Quality-Driven Agentic Reasoning for LLM-Assisted Software Design: Questions-of-Thoughts (QoT) as a Time-Series Self-QA Chain
New 'Questions-of-Thoughts' method improves AI-generated API, data, and file system designs by up to 40% on quality scores.
Researchers Yen-Ku Liu and Yun-Cheng Tsai have introduced a novel framework called Questions-of-Thoughts (QoT) to tackle persistent quality issues in AI-assisted software development. The method acts as an inference-time scaffold that transforms a user's goal into a structured, ordered sequence of engineering steps. Crucially, it incorporates a time-series self-questioning chain, where the LLM verifies constraints and reduces omission errors at each step, maintaining a lightweight reasoning record to stabilize subsequent design decisions. This approach directly targets common failure modes like incomplete implementations, weak modularization, and inconsistent security practices that plague current LLM-generated code.

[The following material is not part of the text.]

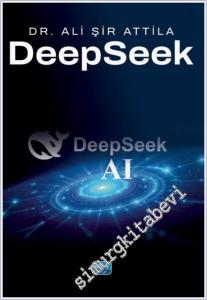 DeepSeek -        2025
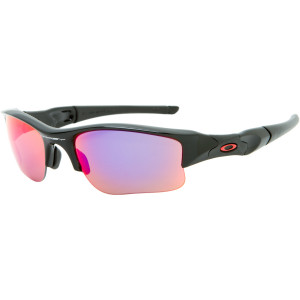 Oakley Flak Jacket XLJ Sunglasses - OO Polarized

The team rigorously evaluated QoT across three complex backend engineering domains: API Design, Data Communication, and File Systems. They scored the AI-generated artifacts using a custom, ISO/IEC-inspired quality rubric measuring Scalability, Completeness, Modularity, and Security. Results showed the improvements are capacity-dependent; larger, more capable models like GPT-4 and Claude 3.5 Opus saw consistent and significant quality gains when using QoT, with domain-wise score improvements often exceeding 40%. However, smaller models sometimes faced trade-offs due to tight context windows and planning budgets. The researchers have released their full artifact—including prompts, scoring guidelines, and reproduction scripts—to support further applied AI and software engineering research.
- QoT is a scaffold that creates ordered engineering steps and a self-QA chain for LLMs, improving design verification.
- Tested on API, Data, and File System tasks, it boosted quality scores for larger models by over 40% on an ISO-inspired rubric.
- The framework is open-source, providing prompts and scripts to reproduce results for AI-assisted software engineering research.
Why It Matters
Provides a structured method to significantly improve the reliability and quality of AI-generated software architecture and code.